Quello che qui è importante è assumere finalmente a pieno titolo che il mondo è
popolato da (minimo – non mi è possibile aprire ora la discussione sulle
identità sessuali plurime) due sessi e generi che hanno, rispetto alla
riproduzione umana, fisiologia, esperienze, vissuti ed esigenze diverse. Che in
un precario equilibrio segnato costitutivamente da queste diverse esperienze e
quindi dal conflitto riproducono istante per istante le condizioni della
propria esistenza.
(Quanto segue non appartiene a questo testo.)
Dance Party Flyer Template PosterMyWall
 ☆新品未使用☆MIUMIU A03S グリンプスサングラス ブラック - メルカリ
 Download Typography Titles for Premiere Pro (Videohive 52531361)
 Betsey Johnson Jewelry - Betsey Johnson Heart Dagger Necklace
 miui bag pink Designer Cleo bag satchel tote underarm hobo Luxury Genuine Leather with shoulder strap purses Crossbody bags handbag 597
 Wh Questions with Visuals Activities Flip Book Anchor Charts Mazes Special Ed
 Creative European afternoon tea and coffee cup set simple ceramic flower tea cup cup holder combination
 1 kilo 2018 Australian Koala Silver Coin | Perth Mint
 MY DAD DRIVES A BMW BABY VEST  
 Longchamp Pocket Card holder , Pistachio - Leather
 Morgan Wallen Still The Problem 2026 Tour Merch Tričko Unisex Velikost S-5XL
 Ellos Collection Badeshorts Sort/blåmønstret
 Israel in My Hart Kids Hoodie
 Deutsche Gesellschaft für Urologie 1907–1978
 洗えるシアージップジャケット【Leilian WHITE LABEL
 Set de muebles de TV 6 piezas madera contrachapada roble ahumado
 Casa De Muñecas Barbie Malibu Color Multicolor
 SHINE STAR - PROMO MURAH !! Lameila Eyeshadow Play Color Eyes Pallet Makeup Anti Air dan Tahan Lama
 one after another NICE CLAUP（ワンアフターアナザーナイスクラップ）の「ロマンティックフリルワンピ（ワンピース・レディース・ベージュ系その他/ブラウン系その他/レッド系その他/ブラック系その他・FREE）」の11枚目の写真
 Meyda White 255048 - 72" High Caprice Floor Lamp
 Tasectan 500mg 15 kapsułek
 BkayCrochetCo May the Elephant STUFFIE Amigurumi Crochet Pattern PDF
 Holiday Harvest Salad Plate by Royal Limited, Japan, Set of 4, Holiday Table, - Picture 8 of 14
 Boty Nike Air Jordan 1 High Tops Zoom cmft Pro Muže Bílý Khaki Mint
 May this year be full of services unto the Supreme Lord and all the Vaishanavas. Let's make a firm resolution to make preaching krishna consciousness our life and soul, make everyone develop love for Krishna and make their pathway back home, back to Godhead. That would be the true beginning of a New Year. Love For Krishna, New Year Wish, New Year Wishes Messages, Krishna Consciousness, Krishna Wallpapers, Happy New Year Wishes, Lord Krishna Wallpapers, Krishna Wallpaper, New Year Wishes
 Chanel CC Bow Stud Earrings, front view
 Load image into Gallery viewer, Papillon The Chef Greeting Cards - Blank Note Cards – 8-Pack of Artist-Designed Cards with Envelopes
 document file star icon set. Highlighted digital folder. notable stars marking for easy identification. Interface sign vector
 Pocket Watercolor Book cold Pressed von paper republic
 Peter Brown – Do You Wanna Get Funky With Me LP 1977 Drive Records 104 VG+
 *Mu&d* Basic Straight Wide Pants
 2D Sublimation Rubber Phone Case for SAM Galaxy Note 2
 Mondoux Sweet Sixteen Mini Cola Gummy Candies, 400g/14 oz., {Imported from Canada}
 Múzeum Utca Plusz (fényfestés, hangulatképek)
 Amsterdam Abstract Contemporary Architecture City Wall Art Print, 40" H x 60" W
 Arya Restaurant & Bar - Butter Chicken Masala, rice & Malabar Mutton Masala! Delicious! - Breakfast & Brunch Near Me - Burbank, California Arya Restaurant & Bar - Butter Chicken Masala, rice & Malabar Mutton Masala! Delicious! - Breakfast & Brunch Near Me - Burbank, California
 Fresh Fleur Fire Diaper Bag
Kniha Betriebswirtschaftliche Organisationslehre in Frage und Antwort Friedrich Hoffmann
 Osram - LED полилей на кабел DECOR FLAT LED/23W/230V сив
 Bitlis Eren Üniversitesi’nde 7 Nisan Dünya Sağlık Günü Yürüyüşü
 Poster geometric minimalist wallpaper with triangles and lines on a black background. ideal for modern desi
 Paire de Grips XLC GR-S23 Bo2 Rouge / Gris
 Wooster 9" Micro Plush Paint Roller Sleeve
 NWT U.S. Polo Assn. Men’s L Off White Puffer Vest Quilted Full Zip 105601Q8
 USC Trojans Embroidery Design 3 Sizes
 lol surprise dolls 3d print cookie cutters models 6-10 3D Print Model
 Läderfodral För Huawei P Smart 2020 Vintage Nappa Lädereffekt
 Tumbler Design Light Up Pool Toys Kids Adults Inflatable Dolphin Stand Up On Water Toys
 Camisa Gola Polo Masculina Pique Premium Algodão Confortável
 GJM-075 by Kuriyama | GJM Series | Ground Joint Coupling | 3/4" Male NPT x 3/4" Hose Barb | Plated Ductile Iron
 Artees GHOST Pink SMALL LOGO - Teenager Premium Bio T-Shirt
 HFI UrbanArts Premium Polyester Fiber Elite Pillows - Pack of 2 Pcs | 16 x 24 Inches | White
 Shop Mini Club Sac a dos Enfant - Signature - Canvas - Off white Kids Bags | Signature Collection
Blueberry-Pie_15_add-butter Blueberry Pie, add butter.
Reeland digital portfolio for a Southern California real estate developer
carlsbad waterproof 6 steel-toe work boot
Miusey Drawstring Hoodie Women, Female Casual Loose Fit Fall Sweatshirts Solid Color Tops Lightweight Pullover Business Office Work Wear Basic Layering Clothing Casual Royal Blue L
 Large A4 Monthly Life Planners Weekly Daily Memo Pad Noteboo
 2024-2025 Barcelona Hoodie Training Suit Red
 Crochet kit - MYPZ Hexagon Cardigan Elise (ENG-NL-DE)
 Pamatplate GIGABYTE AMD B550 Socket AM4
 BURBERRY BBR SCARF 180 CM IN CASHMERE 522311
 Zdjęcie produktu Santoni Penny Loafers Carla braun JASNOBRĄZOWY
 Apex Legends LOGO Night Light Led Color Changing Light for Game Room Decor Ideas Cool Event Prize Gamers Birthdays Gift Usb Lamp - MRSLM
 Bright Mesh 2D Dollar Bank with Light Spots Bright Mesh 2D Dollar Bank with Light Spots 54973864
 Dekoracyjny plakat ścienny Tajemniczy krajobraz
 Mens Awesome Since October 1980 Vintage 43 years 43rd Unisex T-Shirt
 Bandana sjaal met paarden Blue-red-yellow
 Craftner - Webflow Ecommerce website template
Così come non esiste l’armonia della natura – è un mito che
descrive con falsa coscienza una condizione temporanea fluttuante e precaria
segnata dal dolore, dalla perdita e dalla morte tanto quanto dalla abbondanza e
dal benessere, non esiste l’armonia tra i sessi.
La vera durezza
dell’essere umani è che non esiste nessun cammino segnato. Possiamo scegliere,
dobbiamo scegliere se impostare tra noi relazioni pacifiche e libere,
cooperative e accoglienti o gerarchiche e violente, se interrogarci sul
significato della giustizia e dell’uguaglianza o esercitare ciecamente il
potere quando ne abbiamo la possibilità, se vogliamo essere egoisti e predatori
o generosi e in ascolto. Sta soltanto a noi.